The More Vigorous the Yoga, the More it Can Improve Your Sleep
A recent poll by the National Sleep Foundation has found that people who exercise vigorously on a regular basis are twice as likely to get a good night’s sleep compared to people who didn’t get any exercise at all. In short, exercise is the key to good and healthy sleep.
This means that the easiest way to maximize the bedtime benefits of yoga is to do moderate to vigorous forms of yoga on a regular basis.
However, if you’re coming from months to years of absolutely zero exercise, it might be best to start with light to moderate yoga. Remember: always honestly inform your instructor of your current level of practice, especially if you’re moving up towards more vigorous poses.
The Best Time to Do Yoga is Anytime
According to the same National Sleep Foundation poll mentioned above, there seems to be no ideal time for when you should exercise. While experts have previously advised not to exercise too close to bedtime, the NSF’s findings say that even exercise before bedtime is better for regulating sleep than no exercise at all.
However, keep in mind that it may take some time for the body to come down from vigorous exercise. So yes, exercise at anytime of the day and night, but not at the expense of sleep.
Also, chronic insomniacs and people undergoing sleep treatments are advised to still restrict themselves from exercising too close to bedtime, as this might be part of their ongoing treatment for insomnia.
But if you’re currently suffering from no sleep-related conditions and just want to improve your sleep, feel free to do any type of yoga throughout the day.
For instance, restorative yoga isn’t just for relaxing before bedtime. You can even do it during your lunch break. It’s the perfect way to quell anxiety during especially stressful workdays.
Likewise, go ahead and practice midnight bikram if you can find a class that offers that schedule. Sweating it all out right before bedtime could leave you positively ready to sleep as soon as you lay down your mattress.

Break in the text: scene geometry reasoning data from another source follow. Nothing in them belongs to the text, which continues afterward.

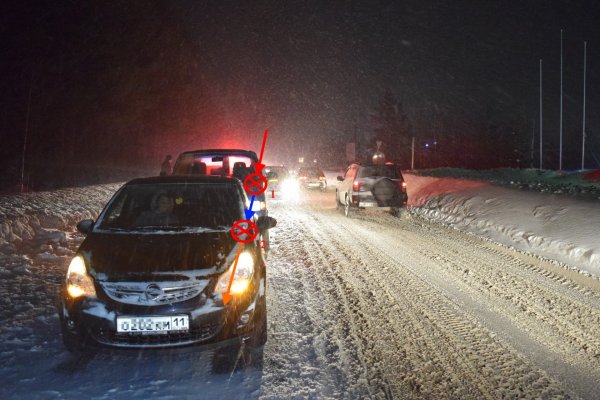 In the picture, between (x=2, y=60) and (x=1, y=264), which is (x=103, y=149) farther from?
(x=1, y=264)

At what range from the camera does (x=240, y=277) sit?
4152mm

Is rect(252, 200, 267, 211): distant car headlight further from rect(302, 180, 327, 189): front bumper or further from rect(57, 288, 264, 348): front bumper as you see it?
rect(302, 180, 327, 189): front bumper

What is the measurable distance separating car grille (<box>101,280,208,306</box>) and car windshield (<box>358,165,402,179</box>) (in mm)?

No matter which time of the day you choose to do it…
Regular Yoga Helps With Depression, Anxiety, and Insomnia
The emotional and mental benefits of yoga almost outweigh its many physical benefits. A recent study has found that yoga can be a substitute to prescribing mood-altering medication in patients with depression, which is both a cause and effect of chronic insomnia.

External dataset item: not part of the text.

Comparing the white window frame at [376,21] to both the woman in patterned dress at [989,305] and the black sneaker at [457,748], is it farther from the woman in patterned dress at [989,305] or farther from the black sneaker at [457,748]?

As explained by Dr. Chris Streeter from the Boston University of Medicine, it’s because yoga targets the autonomic nervous system. By balancing out this system, regular yoga practice allows the rest of the brain to work better at regulating chemical imbalances.
While Streeter admits that more research on the topic is necessary, there’s no doubt that adding yoga to your treatment regimen (instead of prescribing another drug) can improve the condition of patients with depression.

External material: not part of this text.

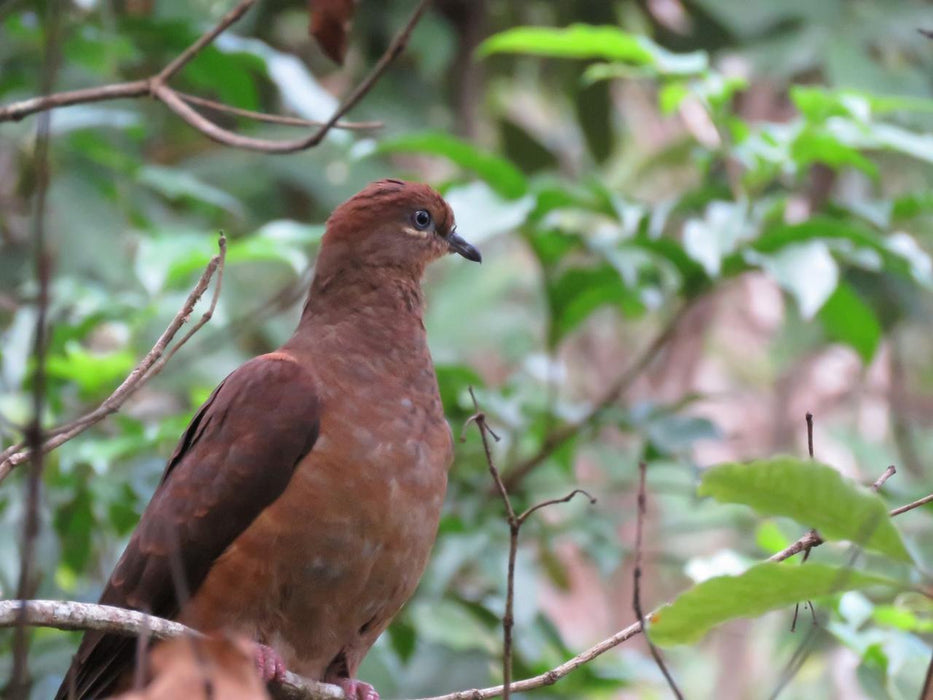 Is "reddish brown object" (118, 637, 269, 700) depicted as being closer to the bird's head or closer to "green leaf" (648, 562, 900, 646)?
"green leaf" (648, 562, 900, 646)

Apart from coming with considerably less side-effects as compared to medication, yoga is also cheaper. You don’t have to do all your yoga in expensive gyms and studios.
All You Need to Do Yoga at Home is Practice, a Yoga Mat, a Mirror, and More Practice
Regular yoga classes can be expensive (depending on where you are), but with enough practice, you can start doing it at home by yourself.
Of course, this is only possible when you’ve had enough supervised practice under good yoga instructors. Once you get the fundamentals down and have consistently attended yoga classes for 1 to 2 months, you can start safely practicing poses at home.
However, no matter how good you think you are, it’s always a good idea to keep going back to classes from time to time. The more you pay attention to what your yoga instructor corrects during class, the better you can practice at home by yourself.